Ecco dunque, invece, che “si può desiderare di negare tale connessione, ma Buchenwald appartiene all’Occidente tanto quanto Detroit: è impossibile rifiutare Buchenwald in quanto aberrazione casuale di un mondo occidentale fondamentalmente sano”: lo scrivevano Edmund Stillman e William Pfaff già negli anni ’60.
Parliamo quindi di una tradizione culturale che contiene in sé, forse già nella sua culla illuministica, la prassi sterminatoria che, non a caso, l’occidente razionale (e cristiano) ha praticato su larga scala in ogni continente dove ha messo piede per ‘portare la civiltà’ e, infine, nei campi che conosciamo con i loro nomi agghiaccianti: Auschwitz-Birkenau, Treblinka, Sobibòr, Chelmno e poi Buchenwald, Mauthausen e così via.

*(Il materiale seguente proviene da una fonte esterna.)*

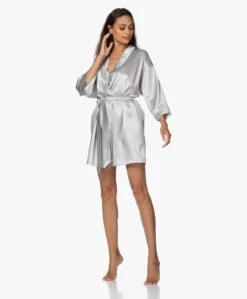 By Dariia Day Mulberry Zijden Short - Zilvergrijs 23 By Dariia Day Mulberry Zijden Short - Zilvergrijs -Mode Kleding 200707 51842126 5916 45d7 9b2c 0623320c1f2b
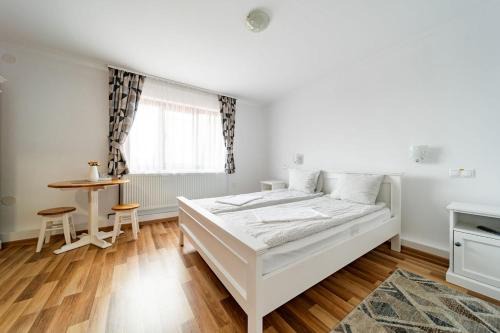 Lupeni Bed & Breakfast | Hadnagy Étterem és Panzió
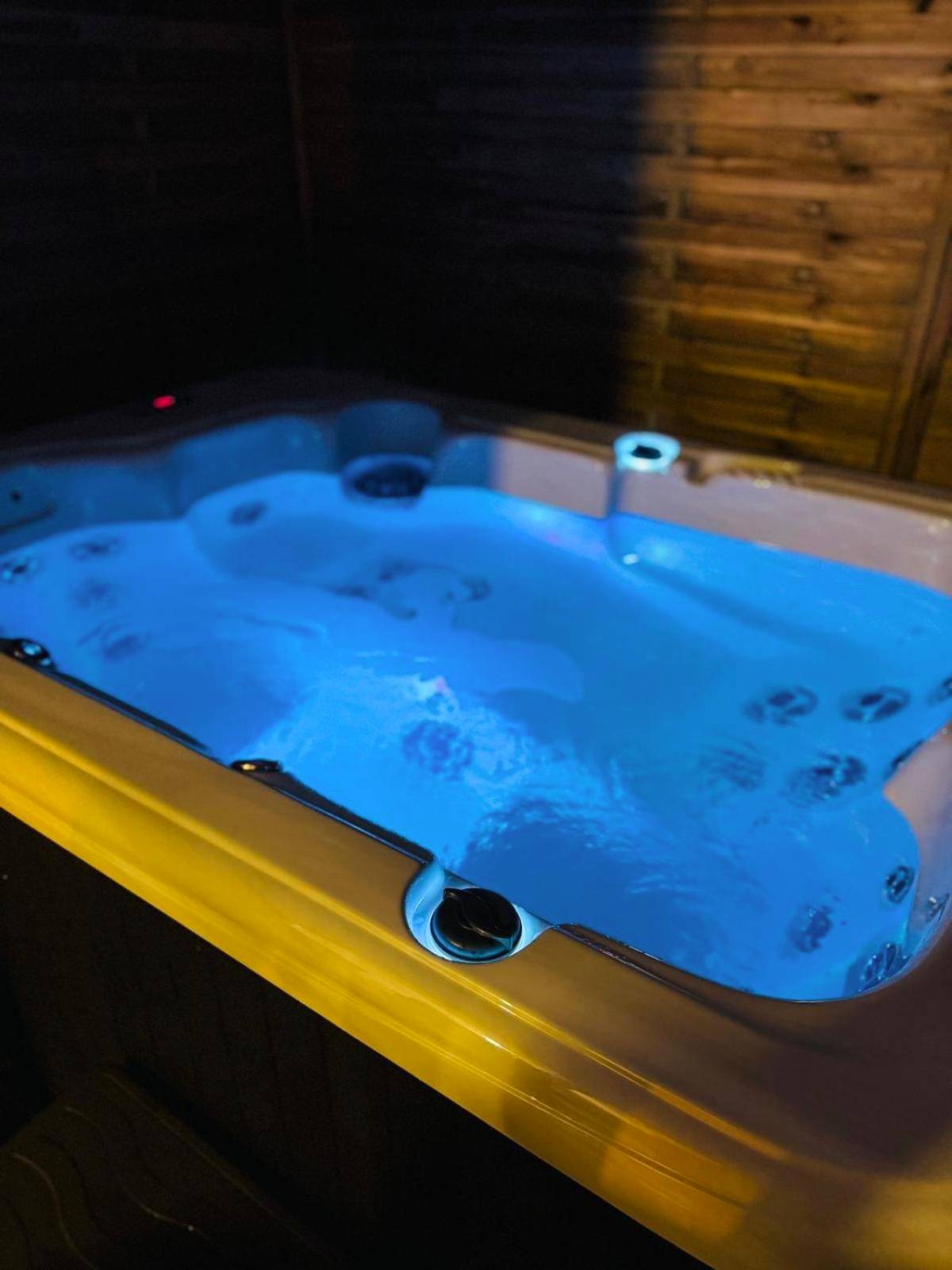 Jacuzzi privatif avec éclairage bleu - Love Room Aucamville - Secrète loft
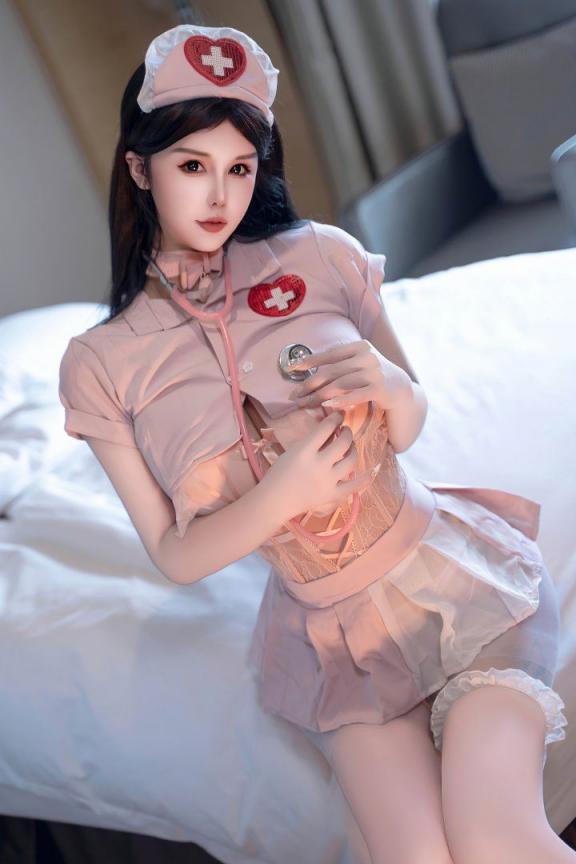 陈芊儿情趣内衣私房照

La domanda “perché gli ebrei?” scivola via, di anno in anno, da tempi ormai lontani senza trovare mai un approdo e una risposta esaustiva.
Non mi risulta che gli storici specialistici ritengano l’ideologia razzista, diffusa in Europa a cavallo tra ‘800 e ‘900, causa sufficiente a spiegare la Shoah; se non altro perché, se così fosse, smetteremmo tutti di chiederci “perché” e la domanda non sarebbe più imbarazzante, come scrive Vercelli, ma sarebbe semplicemente “la” risposta.
Invece non lo è. E allora si dovrebbe forse seguire la suggestione delle parole di Baumann e, prima di lui, di Stillman e Pfaff e di non so chi altro: in che misura - e perché - la cultura occidentale contiene in sé, come suo proprio elemento costitutivo una prassi di sterminio di ciò che appare, o è effettivamente, “diverso” da se stessa ?
La domanda quindi trasla da “perché gli ebrei ?” a “in che cosa la diversità ebraica era irriducibile rispetto alla cultura dominante in occidente ?”. Rispetto a cultura illuminista e a cultura cristiana.
Se, a proposito di quest’ultima, non è lecito prendere in considerazione le complesse aree del discorso religioso in cui esistono elementi di dibattito, di discussione ma che non costituiscono un radicale vita mea-mors tua né i vasti campi teologici su cui le due religioni addirittura concordano, è possibile invece, al contrario, isolare e prendere in considerazione il concetto che appare fondante del cristianesimo.
La definizione di natura originariamente peccaminosa degli esseri umani, definita dal dogma del ‘peccato originale’, si costituisce come un elemento antropologico di irriducibile opposizione tra cultura ebraica e cultura cristiana che, nei fatti, fa tremare le basi stesse di quest’ultima. Ne mina le fondamenta mettendo a nudo la non-necessarietà della ‘redenzione’ di un umano ontologicamente colpevole.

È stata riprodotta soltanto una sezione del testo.